I seldom comment on provincial politics - particularly a province in which I no longer live. But BC politics has become interesting in the past couple of years and, for a couple of reasons, our political eyes keep turning to the province. The first reason that BC seems more interesting these days is because it seems to be slowly but surely rejecting the provincial as well as the federal rightwing. The NDP at both levels is riding high in the province and I hope that this is a bell-weather for the rest of the nation. The other thing that has been interesting lately has been the machinations concerning the Northern Gateway Pipeline. At all levels in this country the rightwing has abandoned all environmental conscience and wedded itself to the petro-state. "Alternative" is a dirty word (pun intended) where energy is concerned in the rightwing culture of Canada and it seems that they would do anything to further the cause of big oil. As a result of this pro-petro stance the BC Liberal Party (whose name is a perversion of the very notion of liberal) embraced the Northern Gateway Pipeline project early on. However, with reelection looking like a dwindling dream for the Liberals, they have desperately tried to look more pensive where the pipeline project is concerned.

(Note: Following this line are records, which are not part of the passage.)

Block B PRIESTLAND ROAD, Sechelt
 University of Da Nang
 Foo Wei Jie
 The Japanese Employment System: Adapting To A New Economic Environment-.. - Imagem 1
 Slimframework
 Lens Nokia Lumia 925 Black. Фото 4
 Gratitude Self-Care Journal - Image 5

As everyone knows, Christy Clark has tried this week to look as though she is not simply a lapdog of big oil by making certain fiscal and safety demands on Alberta if they are to be allowed to pipe oil through to the BC coast.
From a rightwing position Christy Clark is in an almost impossible position. If she capitulates to the oil interests and endorses the pipeline then any small chance she had for reelection is gone. On the other hand, if she goes too far in embracing environmental concerns she will lose very base of her party - big business. And from the rightwing in this country, like Ezra Levant or the editorial board of Sun Newspapers, nothing short of total capitulation to big oil will do. Just the fact that this week Ms. Clark talked of revenue sharing and more safety concerns sent the right into conniption fits of mouth-frothing madness. In today's Sun the editors called Clark a "spoiled" child and said that she was acting "against the greater good of the country."
Now, regardless of one's politics this editorial seems to verge on madness, lacking entirely in reasonable arguments of any kind. First of all, it seems perfectly reasonable that BC should share in oil wealth if their province is a conduit to the extraction of that resource - particularly if they are shouldering environmental risks. If the Northern Gateway pipeline led to an environmental disaster, BC would be on the hook for most of the immediate clean-up, to say nothing of the longterm effects. But the bigger issue, and the one that should trouble most Canadians is the assumption on the part of the Sun that anything that puts limits on the ability of big oil to do anything it wants is somehow, by definition, against the national interest. In fact even if one accepts that excessive petro-development is in the national interests, the way in which the various Conservative Governments are pursing that development is in no way in the national interests. If the Harpercons and the government of Alberta were really interested in the futre of this country (and still wanted to excessively exploit Canada's oil resources) they would be putting a great deal of energy into developing a solid and strong refinery sector rather than looking to be a third-world style economy of pure raw-material extraction. They would then ensure that a substantial portion of such resource funds went to development of alternative energy industry which would place Canada in a good position for future generations. Yet somehow the Sun Media corporation believes that extracting resources, selling them to the highest bidder, allowing investment to gradually drift aboard, and ignoring the future, is somehow in the national interests.
Now, all of this largely ignores the fact that petro-development is a dead-end, and that pipelines have a depressingly terrible accident rate. But even if we take it from "their" point of view, the rightwing and their media lapdogs in this country are pursing a hopelessly flawed strategy of development and as today's Sun editorial demonstrates they are incapable of seeing through their own ideological fervor to some reasonable position.
What is interesting, however, and what inspired this blogpost, is the fact that causes like the Northern Gateway Pipeline project are quickly becoming catalysts for the environmental cause as well as hubs around which opposition to rightwing, neo-liberal agendas are gathering.